• **Data listing**

---------------

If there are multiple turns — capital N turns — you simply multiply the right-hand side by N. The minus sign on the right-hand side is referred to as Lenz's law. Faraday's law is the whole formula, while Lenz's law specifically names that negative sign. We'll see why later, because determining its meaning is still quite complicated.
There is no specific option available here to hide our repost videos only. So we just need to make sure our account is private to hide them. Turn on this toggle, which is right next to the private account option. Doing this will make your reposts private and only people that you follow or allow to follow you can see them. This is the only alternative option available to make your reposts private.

---------------

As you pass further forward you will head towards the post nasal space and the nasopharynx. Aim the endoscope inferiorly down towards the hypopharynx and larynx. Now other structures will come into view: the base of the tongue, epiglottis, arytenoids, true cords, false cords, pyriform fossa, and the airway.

---------------

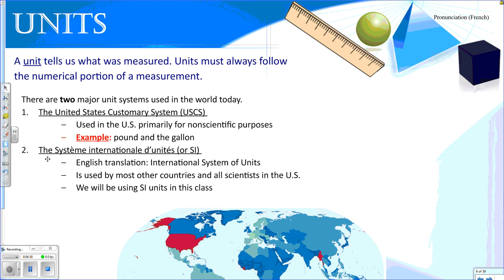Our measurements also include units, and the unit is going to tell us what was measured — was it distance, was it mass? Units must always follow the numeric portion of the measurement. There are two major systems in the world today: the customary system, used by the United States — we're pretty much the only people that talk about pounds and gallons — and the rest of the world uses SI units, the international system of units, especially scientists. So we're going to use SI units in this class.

---------------

• **Aim of the exercise**
Beginning with the line above that contains "If there are", copy each line exactly up to and including the line that contains "There is no", and go no further.

• **Exercise answer**
If there are multiple turns — capital N turns — you simply multiply the right-hand side by N. The minus sign on the right-hand side is referred to as Lenz's law. Faraday's law is the whole formula, while Lenz's law specifically names that negative sign. We'll see why later, because determining its meaning is still quite complicated.
There is no specific option available here to hide our repost videos only. So we just need to make sure our account is private to hide them. Turn on this toggle, which is right next to the private account option. Doing this will make your reposts private and only people that you follow or allow to follow you can see them. This is the only alternative option available to make your reposts private.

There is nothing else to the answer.